“Balai diklat itu kalau dipromosikan dengan baik bisa menarik minat warga, bukan hanya dari Surabaya, tapi juga dari luar kota. Ini bisa jadi pemicu, bukan hanya untuk balai diklat, tapi juga objek-objek wisata lain milik Pemkot seperti Tahura Pakal, Romokalisari Adventure Land, hingga Wisata Hutan Mangrove,” bebernya.
Tak hanya fokus pada sektor pariwisata, Yona juga menyinggung potensi lain yang bisa digarap dari aset Pemkot, yakni pasar-pasar tradisional.
Inspirasi dari Daerah Lain: Rusun di Atas Pasar
Hasil kunjungan kerja Komisi A ke Kendal, Semarang, dan Jakarta memberi inspirasi baru. Yona menyebut konsep pembangunan rusun di atas pasar seperti di Pasar Rumput Jakarta bisa menjadi model yang layak diterapkan di Surabaya.
“Di Jakarta, lantai bawahnya pasar, lantai atasnya rumah susun. Ada 1984 unit di sana. Ini bisa dicontoh Pemkot, khususnya untuk membangun hunian layak bagi MBR (Masyarakat Berpenghasilan Rendah),” jelasnya.

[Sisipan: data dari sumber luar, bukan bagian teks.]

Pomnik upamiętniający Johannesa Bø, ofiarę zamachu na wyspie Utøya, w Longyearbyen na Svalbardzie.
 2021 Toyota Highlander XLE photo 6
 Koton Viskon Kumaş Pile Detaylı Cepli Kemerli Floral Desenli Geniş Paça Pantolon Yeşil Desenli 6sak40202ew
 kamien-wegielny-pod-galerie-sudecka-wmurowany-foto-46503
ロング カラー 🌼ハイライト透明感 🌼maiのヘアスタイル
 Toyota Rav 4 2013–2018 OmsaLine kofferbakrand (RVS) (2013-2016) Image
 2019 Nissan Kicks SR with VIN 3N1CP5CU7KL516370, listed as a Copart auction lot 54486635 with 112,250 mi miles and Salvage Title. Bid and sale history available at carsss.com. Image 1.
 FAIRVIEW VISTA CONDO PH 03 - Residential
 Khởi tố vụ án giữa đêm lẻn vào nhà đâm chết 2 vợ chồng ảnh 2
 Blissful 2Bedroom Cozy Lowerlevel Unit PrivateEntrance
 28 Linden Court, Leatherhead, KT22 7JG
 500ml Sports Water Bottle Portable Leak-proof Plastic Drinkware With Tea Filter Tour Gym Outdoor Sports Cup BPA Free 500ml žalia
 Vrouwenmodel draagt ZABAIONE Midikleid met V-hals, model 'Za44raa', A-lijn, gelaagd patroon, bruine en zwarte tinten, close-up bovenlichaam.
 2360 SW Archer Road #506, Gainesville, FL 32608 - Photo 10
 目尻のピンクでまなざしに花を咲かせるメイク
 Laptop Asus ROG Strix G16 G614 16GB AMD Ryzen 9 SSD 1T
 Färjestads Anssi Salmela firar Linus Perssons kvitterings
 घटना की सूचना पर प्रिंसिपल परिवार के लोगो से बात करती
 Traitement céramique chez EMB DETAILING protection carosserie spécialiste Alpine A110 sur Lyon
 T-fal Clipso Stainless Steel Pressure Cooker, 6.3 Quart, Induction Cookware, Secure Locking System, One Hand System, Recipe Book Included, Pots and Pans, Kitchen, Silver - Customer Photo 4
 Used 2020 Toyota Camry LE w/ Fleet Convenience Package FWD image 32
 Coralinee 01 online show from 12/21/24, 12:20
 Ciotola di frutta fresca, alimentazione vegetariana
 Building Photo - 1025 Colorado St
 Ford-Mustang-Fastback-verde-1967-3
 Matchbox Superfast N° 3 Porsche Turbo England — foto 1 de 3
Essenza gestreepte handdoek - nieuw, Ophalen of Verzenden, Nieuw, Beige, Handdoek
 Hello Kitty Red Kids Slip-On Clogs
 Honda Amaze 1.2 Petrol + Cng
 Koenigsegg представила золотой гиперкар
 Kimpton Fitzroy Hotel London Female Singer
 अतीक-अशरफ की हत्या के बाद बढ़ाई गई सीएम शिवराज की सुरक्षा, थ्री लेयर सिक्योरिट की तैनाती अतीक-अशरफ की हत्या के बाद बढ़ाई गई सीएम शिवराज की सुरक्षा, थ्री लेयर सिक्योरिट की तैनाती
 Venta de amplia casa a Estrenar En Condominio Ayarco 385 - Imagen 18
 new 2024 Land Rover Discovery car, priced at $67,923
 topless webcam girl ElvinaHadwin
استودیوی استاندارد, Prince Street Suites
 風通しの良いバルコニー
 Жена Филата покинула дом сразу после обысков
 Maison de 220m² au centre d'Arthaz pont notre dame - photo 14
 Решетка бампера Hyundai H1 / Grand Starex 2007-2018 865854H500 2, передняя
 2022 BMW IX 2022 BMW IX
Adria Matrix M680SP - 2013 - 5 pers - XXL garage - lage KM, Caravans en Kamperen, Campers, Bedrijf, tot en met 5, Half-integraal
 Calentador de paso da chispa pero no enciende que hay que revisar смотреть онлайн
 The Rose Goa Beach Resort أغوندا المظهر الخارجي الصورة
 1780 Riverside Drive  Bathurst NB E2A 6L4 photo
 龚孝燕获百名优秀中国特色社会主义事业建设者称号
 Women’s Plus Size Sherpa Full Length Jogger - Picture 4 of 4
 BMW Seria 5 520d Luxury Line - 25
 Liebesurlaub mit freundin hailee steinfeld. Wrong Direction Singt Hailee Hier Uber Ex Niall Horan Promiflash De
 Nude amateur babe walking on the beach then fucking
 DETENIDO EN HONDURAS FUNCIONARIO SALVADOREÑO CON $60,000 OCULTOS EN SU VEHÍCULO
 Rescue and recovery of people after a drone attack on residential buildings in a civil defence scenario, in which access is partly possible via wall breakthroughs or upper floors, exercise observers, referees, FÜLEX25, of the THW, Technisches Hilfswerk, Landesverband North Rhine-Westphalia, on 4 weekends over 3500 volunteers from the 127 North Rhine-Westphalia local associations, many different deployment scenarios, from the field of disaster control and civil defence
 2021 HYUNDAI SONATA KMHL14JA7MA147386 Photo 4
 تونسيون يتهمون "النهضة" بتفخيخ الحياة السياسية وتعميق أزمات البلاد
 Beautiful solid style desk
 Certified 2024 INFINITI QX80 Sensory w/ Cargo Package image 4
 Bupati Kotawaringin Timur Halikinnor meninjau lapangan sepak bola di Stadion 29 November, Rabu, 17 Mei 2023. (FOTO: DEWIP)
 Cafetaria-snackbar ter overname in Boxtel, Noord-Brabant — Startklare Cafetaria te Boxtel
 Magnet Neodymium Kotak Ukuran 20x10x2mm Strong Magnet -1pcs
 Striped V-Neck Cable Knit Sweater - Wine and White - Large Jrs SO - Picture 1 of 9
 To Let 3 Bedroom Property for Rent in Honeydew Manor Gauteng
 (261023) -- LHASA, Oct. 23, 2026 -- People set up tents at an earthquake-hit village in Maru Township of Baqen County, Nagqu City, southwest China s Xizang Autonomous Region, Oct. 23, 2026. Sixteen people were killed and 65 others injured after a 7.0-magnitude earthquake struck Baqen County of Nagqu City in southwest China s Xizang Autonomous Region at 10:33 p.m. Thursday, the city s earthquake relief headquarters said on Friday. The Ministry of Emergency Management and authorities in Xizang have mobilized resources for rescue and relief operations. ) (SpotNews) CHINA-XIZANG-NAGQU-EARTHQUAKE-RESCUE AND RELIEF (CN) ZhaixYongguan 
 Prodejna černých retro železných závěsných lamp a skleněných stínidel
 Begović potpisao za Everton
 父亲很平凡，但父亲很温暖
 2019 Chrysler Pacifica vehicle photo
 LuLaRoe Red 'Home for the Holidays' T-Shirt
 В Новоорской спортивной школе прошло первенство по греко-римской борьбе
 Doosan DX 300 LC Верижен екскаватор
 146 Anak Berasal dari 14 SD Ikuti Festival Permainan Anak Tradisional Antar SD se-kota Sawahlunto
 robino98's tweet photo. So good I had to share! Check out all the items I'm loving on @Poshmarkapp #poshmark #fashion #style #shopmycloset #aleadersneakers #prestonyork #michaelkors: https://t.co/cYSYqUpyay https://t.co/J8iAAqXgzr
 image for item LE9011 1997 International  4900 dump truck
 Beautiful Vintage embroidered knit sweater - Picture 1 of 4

Menurut Yona, konsep ini bisa menimbulkan efek domino ekonomi. Para penghuni rusun akan otomatis menjadi konsumen pasar di bawah hunian mereka, yang pada akhirnya menghidupkan roda perekonomian lokal.
“Kita sudah punya contohnya di Surabaya, seperti DTC dan Pasar Wonokromo atau Pasar Tambakrejo dengan Hotel Palem Park di atasnya. Tinggal kita maksimalkan dan replikasi di pasar-pasar lain, misalnya Pasar Keputran,” ujarnya.
Dengan sinergi antara pemerintah, media, dan masyarakat, Yona optimis pengelolaan aset milik Pemkot bisa menjadi motor penggerak pertumbuhan ekonomi sekaligus meningkatkan PAD Surabaya secara berkelanjutan. (*)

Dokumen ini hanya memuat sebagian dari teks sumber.